Output at Reliance’s flagship D6 block, India’s largest offshore gas field, is projected to fall to 20 million standard cubic metres a day (mscmd) in 2014/15 from 28 mscmd in the current fiscal year, a third of the 60 mscmd it was producing in 2010.
Canada’s Niko Resources, which holds a 10 percent stake in the block, last month slashed the reserve estimate for the block, which is jointly operated by Reliance and global major BP.
Controlled by billionaire Mukesh Ambani, Asia’s second-richest man, Reliance aims to double its operating profit in the next four to five years as it boosts spending and capacity in its core energy business and builds up its newer retail and telecoms operations.
Reliance, which operates the world’s biggest refining complex in western India, reported gross refining margins of $7.6 a barrel for the June quarter, compared with $10.3 a barrel a year earlier.
The margins were squeezed by high crude prices and a narrowing spread between light and heavy crude prices, but were still higher than analysts’ estimate of $7/barrel.
“Reliance has improved its earnings profile as profits from operations were higher on a sequential basis, on the back of volume growth in the refining business,” Ambani said in a statement.
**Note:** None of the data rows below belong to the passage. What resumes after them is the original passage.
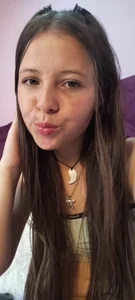 Danna-Rouse 😍 Pic 4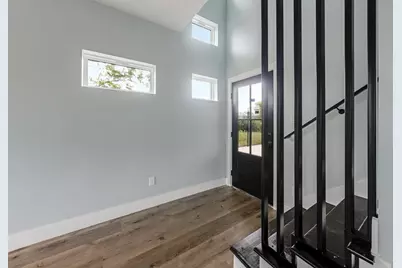 1113 E Oleander, Fort Worth, TX 76104 - Photo 8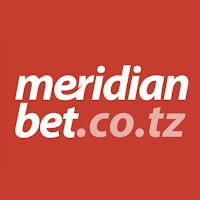 Meridianbet TZ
Reliance’s refinery at Jamnagar in the state of Gujarat can handle less costly high-sulphur crude oil, giving it among the best refining margins in the industry. Refining accounts for nearly 80 percent of the company’s revenue.
Reliance’s petrochemicals business posted a 19 percent rise in revenue on higher demand and prices, but margins declined on narrower spreads.
Its oil and gas exploration business posted a 36 percent fall in revenue, the company said, mainly due to lower production at its main KG-D6 block.
Reliance said it held 707.32 billion rupees ($12.7 billion) in cash reserves at the end of June, up from the previous quarter. The company has seen its cash hoard multiply in the last two years, resulting in a disproportionate increase in profits from treasury operations.
Other income of 19.04 billion rupees, most of it through treasury gains, accounted for almost 35 percent of the company’s pre-tax profit for the quarter.
Shares in the company, valued at $42.6 billion, have risen 4.2 percent so far this year, lagging a 11 percent rise in the main stock index. Ahead of the results, the stock closed down 0.7 percent.